3. A track maintenance vehicle according to claim 1 or 2, characterized in that each strain gauge (22) is fastened at a point of the respective longitudinal frame beam (20) at which a main power flow is present which extends in the longitudinal direction of the longitudinal frame beam (20) and has a minimum of transversely extending force reactions.

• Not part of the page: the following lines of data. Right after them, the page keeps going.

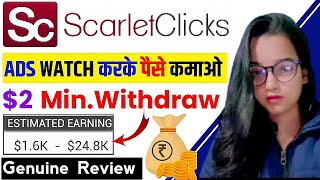 Ads watch earn money  Scarlet clicks  Scarlet clicks payment proof  Scarlet clicks review [upl. by Eldorado297]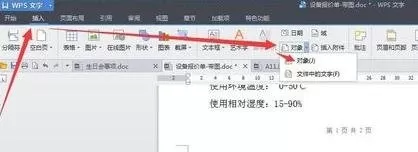 wps如何插入视频?wps插入视频的具体操作方法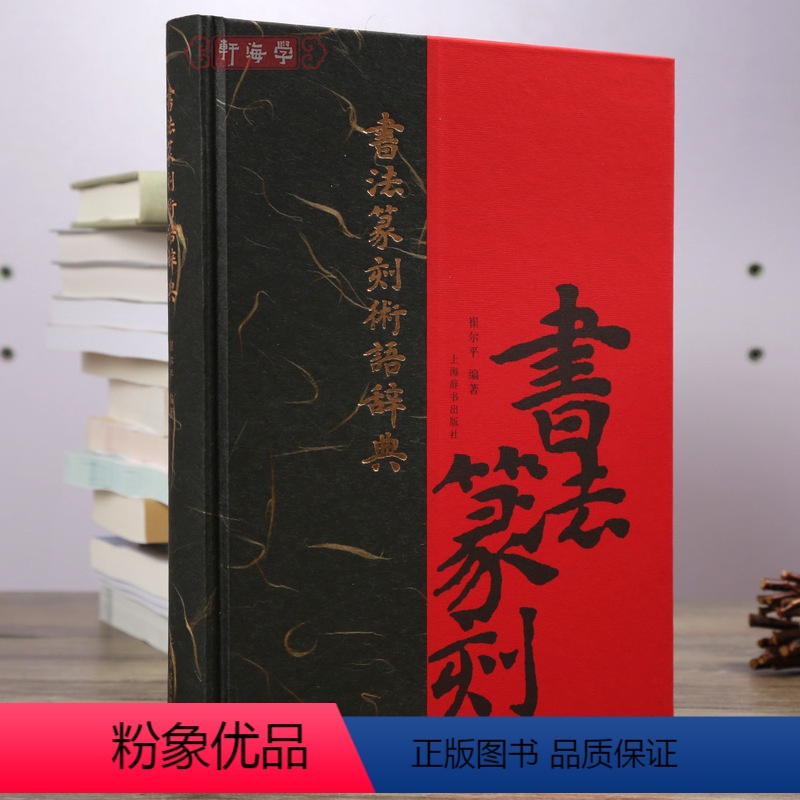 书法篆刻术语辞典 [正版]学海轩书家挥毫便览中国古代书论选读书法知识千题怎样在书画作品上盖印书法布白图例名联鉴赏辞典好联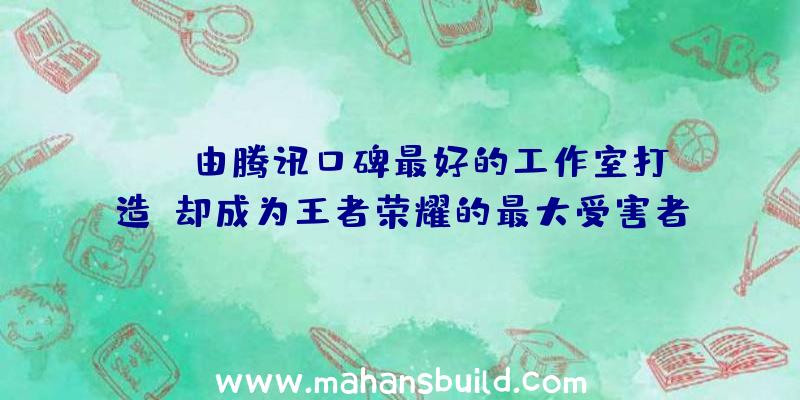 CF,由腾讯口碑最好的工作室打造,却成为王者荣耀的最大受害者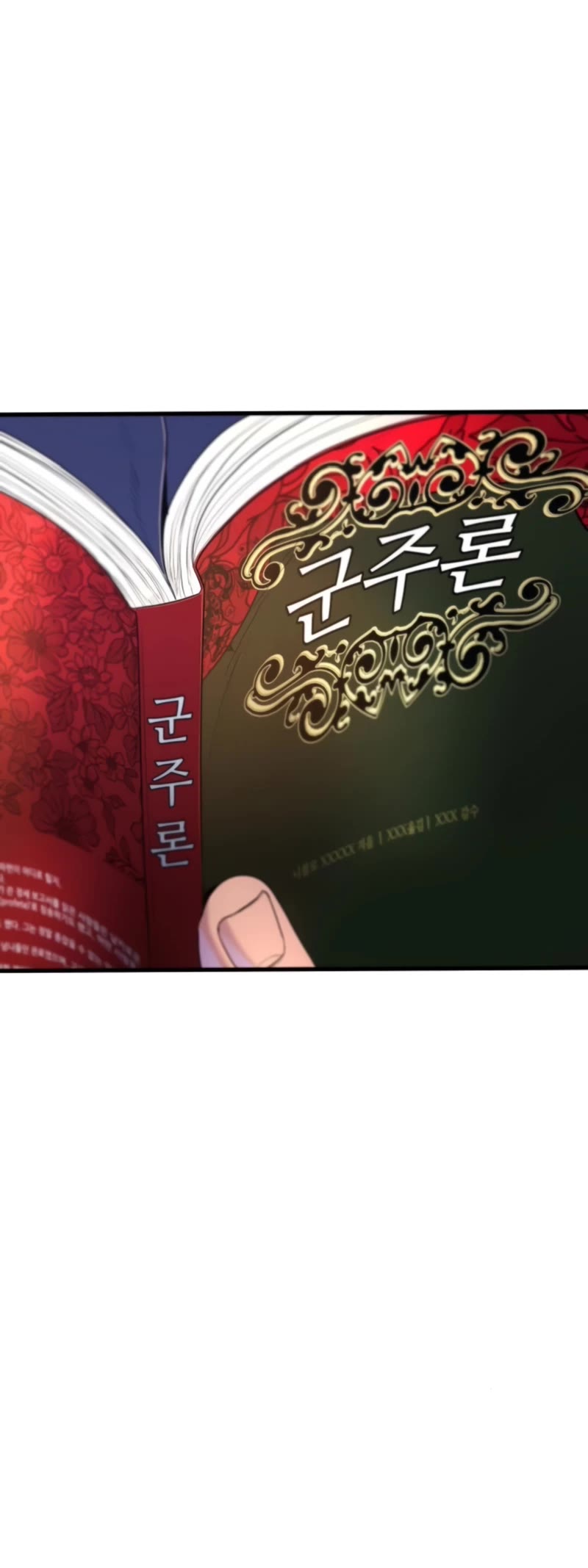Manager Kim chapter 164 page 104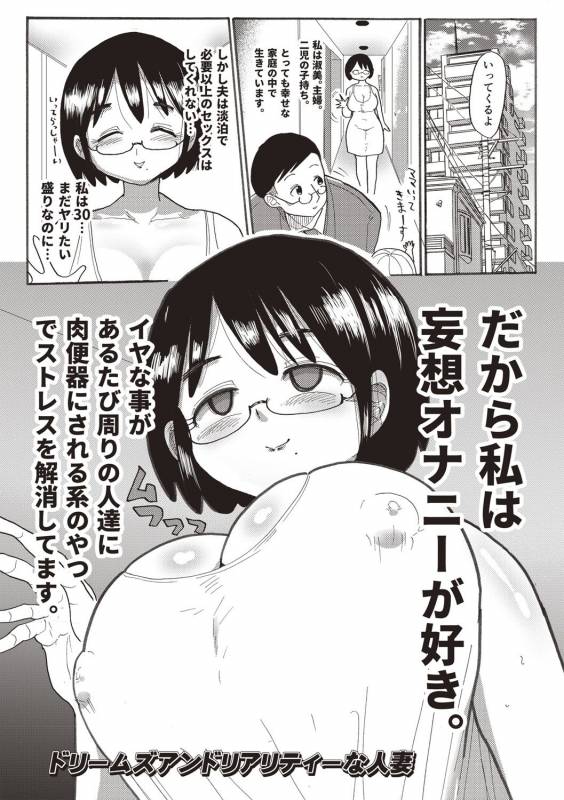 [Kiliu] Nandemo Chousa Shoujo+ [Digital]_161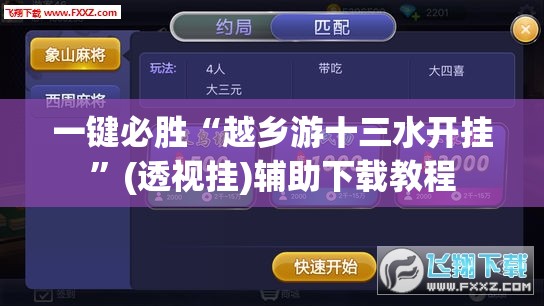 一键必胜“越乡游十三水开挂	”(透视挂)辅助下载教程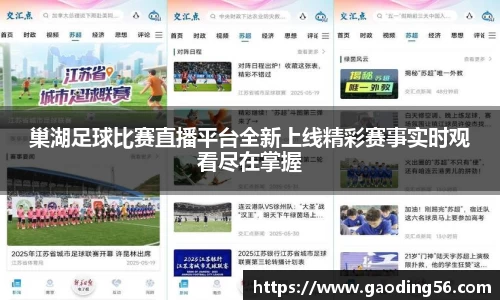 巢湖足球比赛直播平台全新上线精彩赛事实时观看尽在掌握
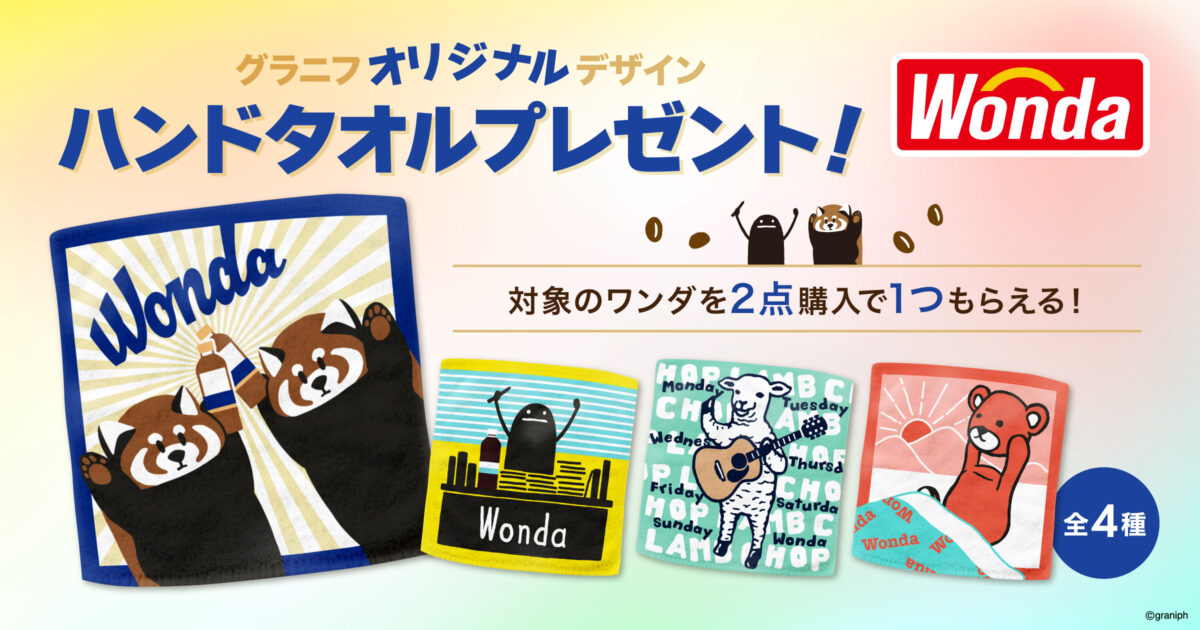 アサヒ飲料「ワンダ」とグラニフのコラボレーション！全国の量販店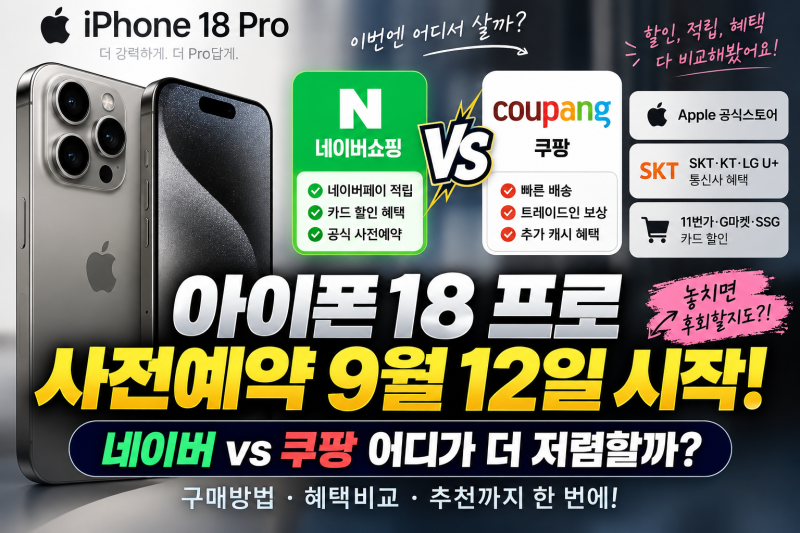 아이폰 18프로 12일에 사전예약하면 가장 저렴한곳 어디일까? 비교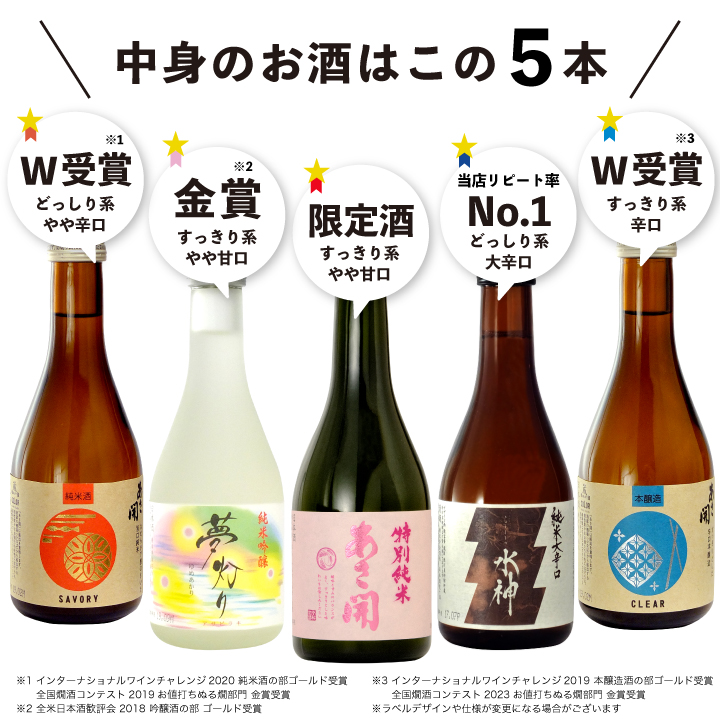 日本酒セット中身のお酒はこの5本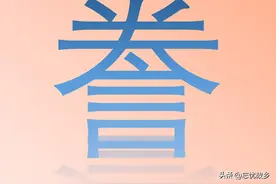 “誊”既不读“juàn”也不读“yù”，正确读啥呢？又是什么意思？图片
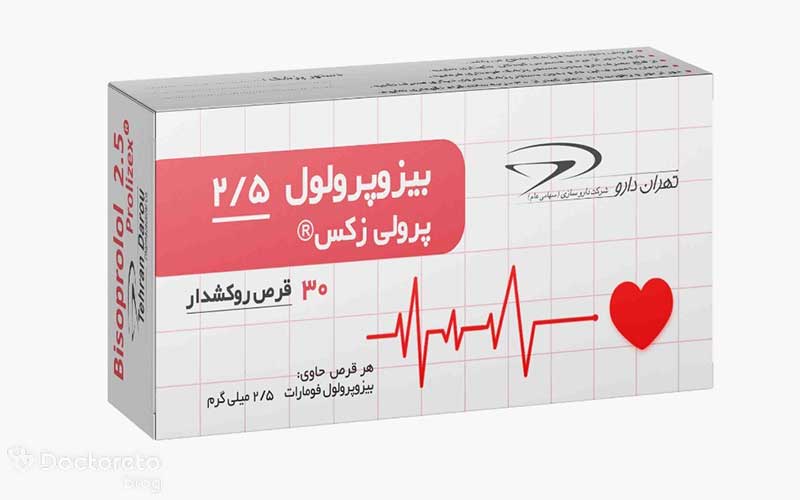 قرص کنکور برای چیست؟ + بهترین زمان مصرف و عوارض آن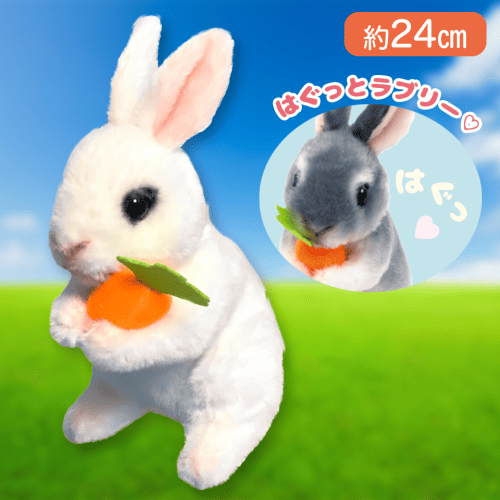 【ホワイト】りあるあにまるず　にんじんハグうさぎ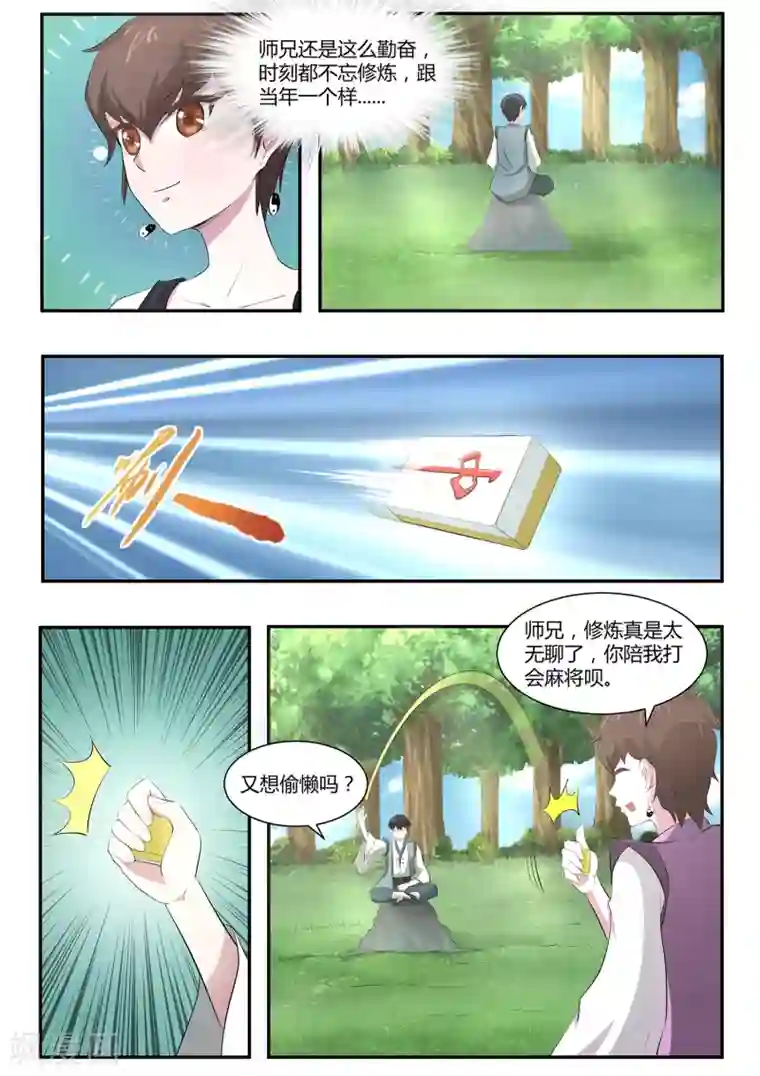 我在日本当道士第65话 邀请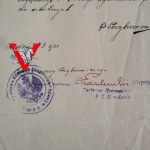 33 Infantry Regiment Lomza 1921 certificate of a private
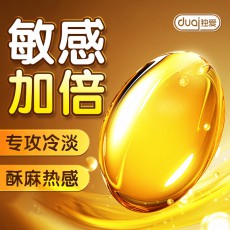 独爱女士紧润凝丸10粒装私处护理紧润丹抑菌液情趣成人用品批发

4. A track maintenance vehicle having a vehicle frame (4) supported on on-track undercarriages (2) mobile on a track, wherein each on-track undercarriage (2) includes the following features:
a) a bogie frame (15) is provided for supporting two wheel sets (17) spaced from one another in a longitudinal direction (16), b) the bogie frame (15) is composed of two longitudinal frame beams (20) which are spaced from one another with regard to an axis of rotation (18) of the wheel sets (17) and each have an axle bearing (19) for supporting a respective said wheel set (17), c) the two longitudinal frame beams (20) are connected to one another between the two wheel sets (17) by means of a transverse frame beam (21), d) two bogie frames (15) spaced from one another with regard to the longitudinal direction (16) are connected in each case via a bogie pivot (23) to a frame bridge (24) which has a central swivel ring (23), positioned between the bogie pivots (23) of the bogie frames (15), for connection to the vehicle frame (4), e) strain gauges (22) are provided for detecting a frame deflection, wherein a respective strain gauge (22) is arranged on the frame bridge (24) between the central swivel ring (23) and the adjacent bogie pivot (23) of the adjoining bogie frame (15).

5. A track maintenance vehicle according to claim 4, characterized in that only two strain gauges (22) are arranged on the frame bridge (24), wherein the two strain gauges (22) are positioned longitudinally offset to one another as seen in a transverse direction extending parallel to the axis of rotation (18).